= Synchronization rights =

Term that allows the use of musical recording in visual media

A music synchronization license, or "sync" for short, is a music license granted by the holder of the copyright of a particular composition, allowing the licensee to synchronize ("sync") their music with various forms of media output (film, television shows, advertisements, video games, accompanying website music, movie trailers, etc.).

==Copyright ownership==
The rights to a composition or the "song", which is different from the studio sound recording, are most often administered by the publishing company that represents the writer/producer. A sound recording has two separated copyrights:
1. the sound recording itself, also called the "master" sound recording; this is most often owned or administered by the record label;
2. the composition of the musical work, which consists of the underlying lyrics and melody written by the songwriter; this is most often owned or administered by the music publisher.

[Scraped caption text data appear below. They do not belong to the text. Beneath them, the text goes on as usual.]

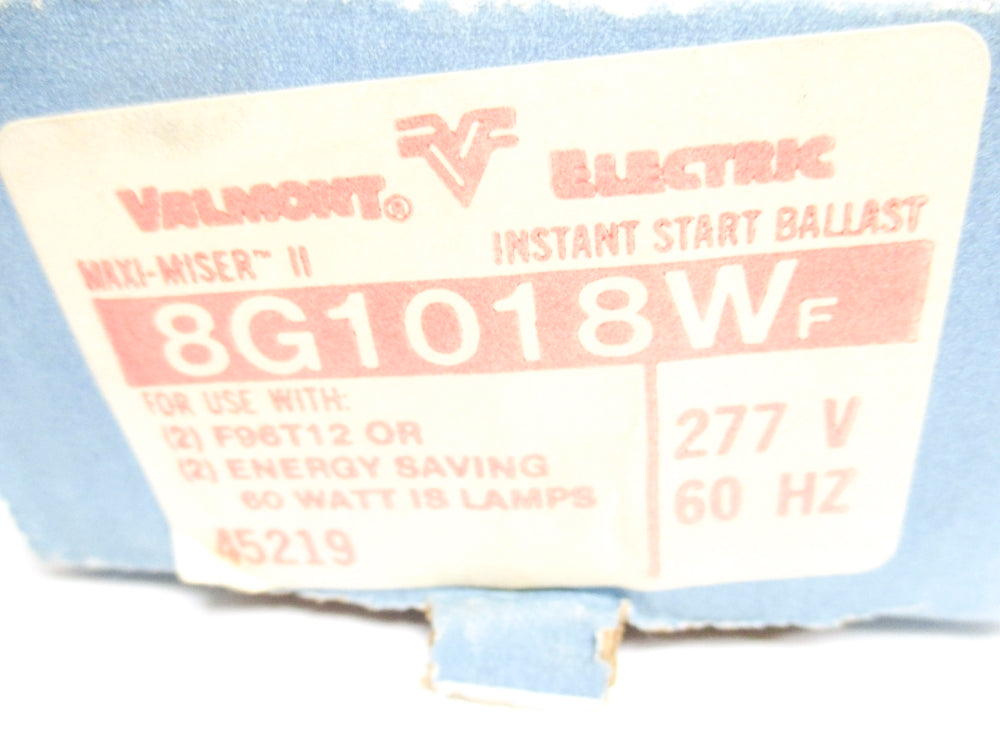 VALMONT 8G1018WF NSMP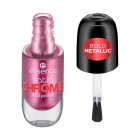 Essence Esmalte de uñas Satin Chrome 03 Meta Maroon 1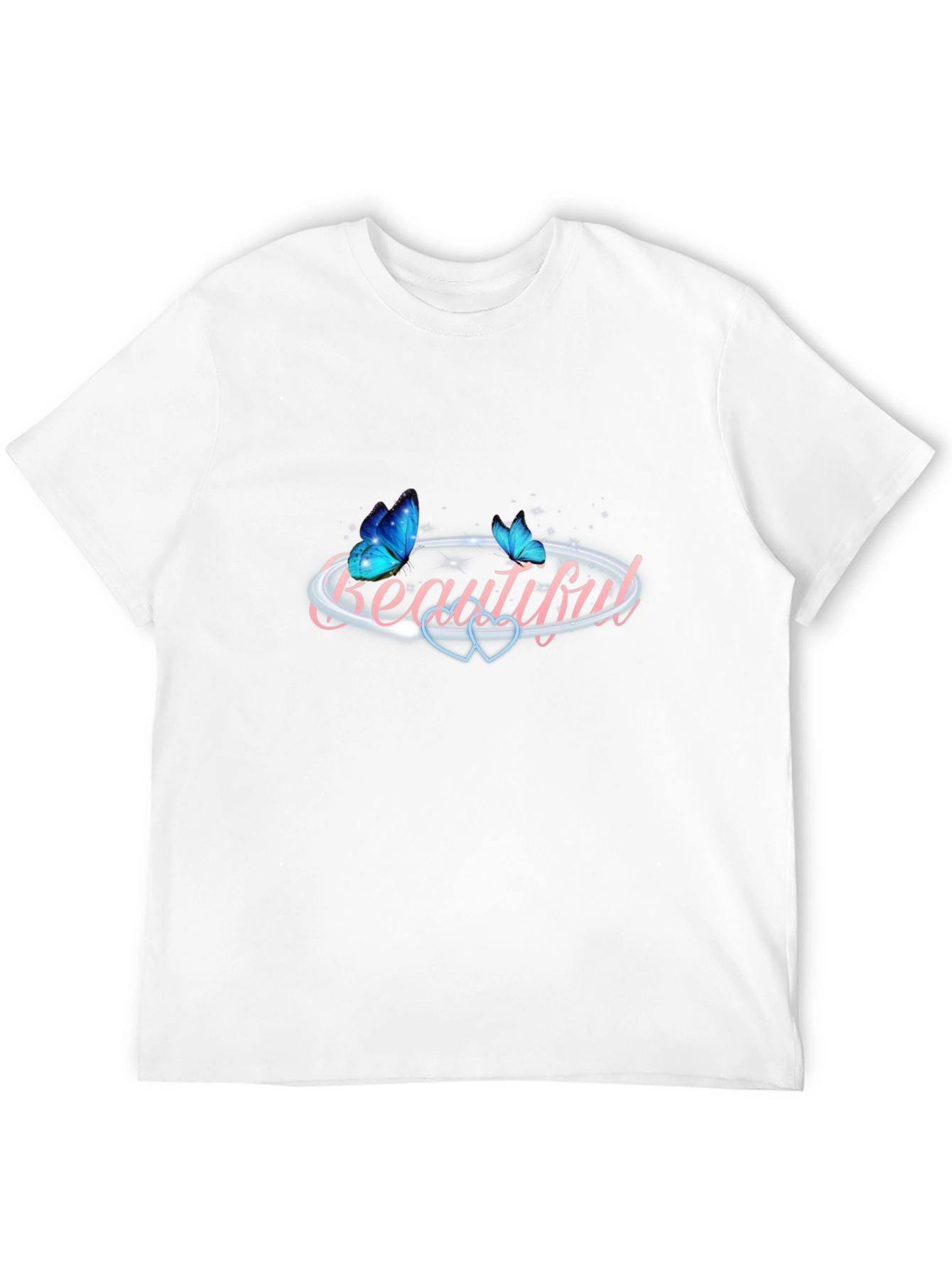 Beautiful Butterfly T-Shirt - Stylish Graphic Tee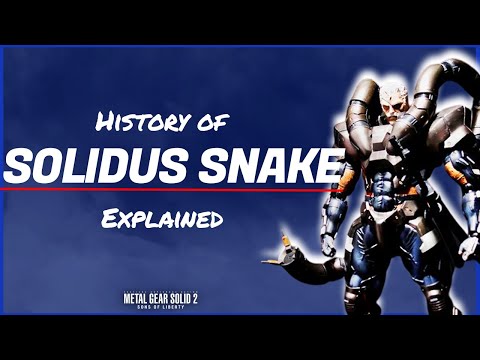 Solidus Snake (George Sears)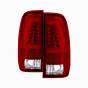 2002 Ford F150 Supercrew Tail Lights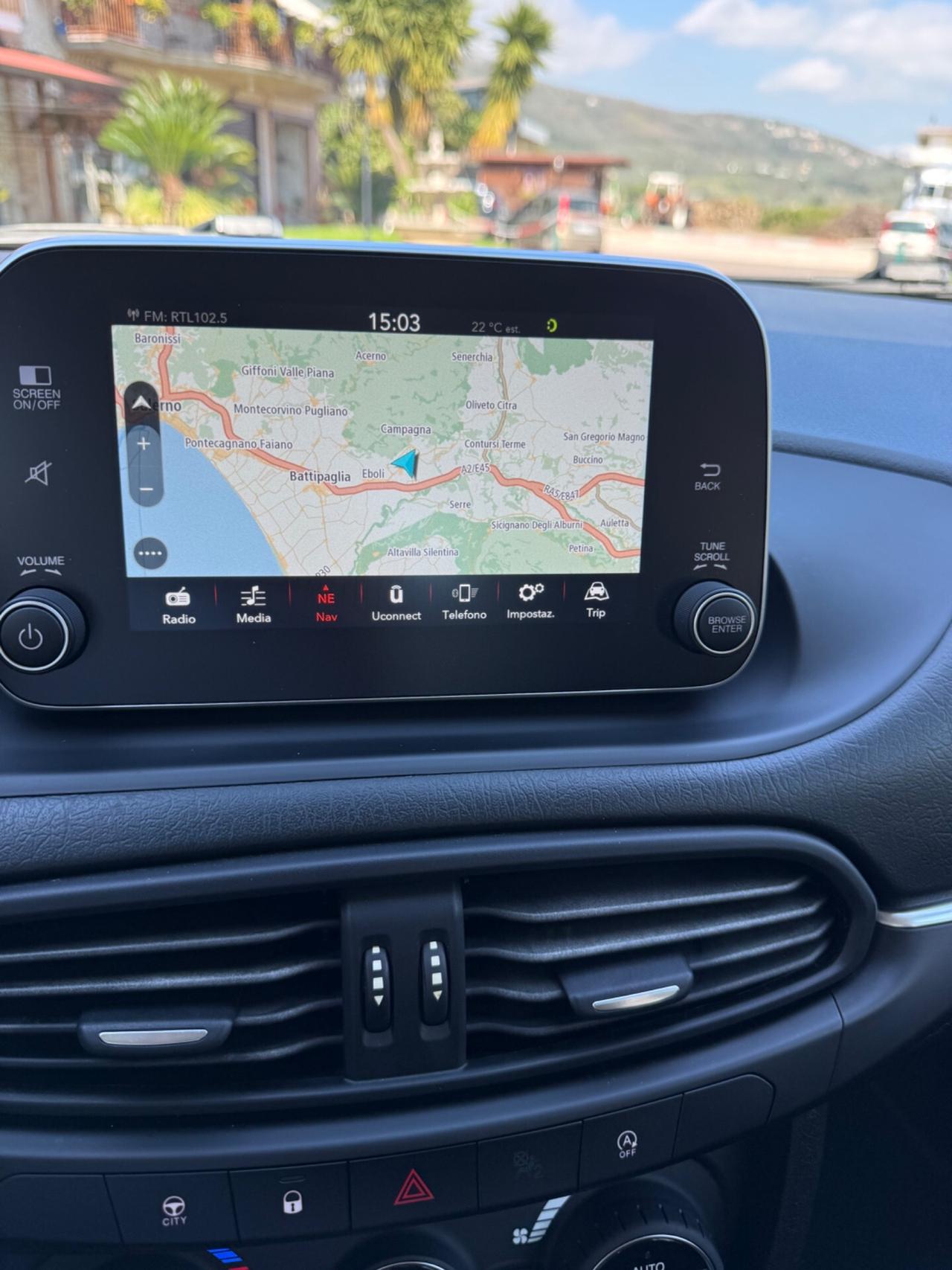 Fiat Tipo 1.6 Mjt S&S SW Lounge 27/09/2019 uni proprietario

== Sync negotiations and fees ==
When an audio/visual project producer wants to use a recording in their work, they must contact both the owner of the sound recording (record label of the performer), and the owner of the composition (publishing company of the songwriter). In many cases, producers with tight budgets will elect to use a cover version of a particular song or work with independent artists in order to save money on the master side. In doing so, they can ask the artist to write original music or submit music that would be considered "work-for-hire" where they would buy artist out of their master side.

Once the producer has made an inquiry with the copyright administrator (and additionally the record label if they choose to use a famous recording), the rights holder or administrator issues a quote, usually for a "one-time fee" (often called the "sync fee" or the "front end"). Negotiations for the licensing fee typically address how the work is being used, the length of the segment, the prominence of the cue (whether used as background music, the title track during the credits, or other uses), and the overall popularity and importance of the song or recording. Another point of negotiation is whether the sync license constitutes a "buyout" (i.e. whether or not the entity that will ultimately broadcast the production will be required to pay "backend" (performance royalty) fees).

Sync licensing fees can range anywhere from free, to a few hundred dollars, to millions of dollars for popular recordings of songs (when the producer must pay for both the use of the sound recording "master" as well as the composition). Sync rights have been considered a lucrative and major field of the music industry; music industry attorney Erin M. Jacobson stated that they had "really helped to keep things afloat and keep revenues flowing into the industry, especially in a business climate of some uncertain times."

Some musicians have been known for being more selective over the works they license their music for. In some cases, they may also help to draw new or renewed interest in a song (especially with the current prominence of music streaming services). Kate Bush licensed her song "Running Up That Hill" for the fourth season of the Netflix series Stranger Things, as she was a fan of the series; after its release, the song experienced a major resurgence in popularity afterward, and became her first number-one single in the UK since 1978.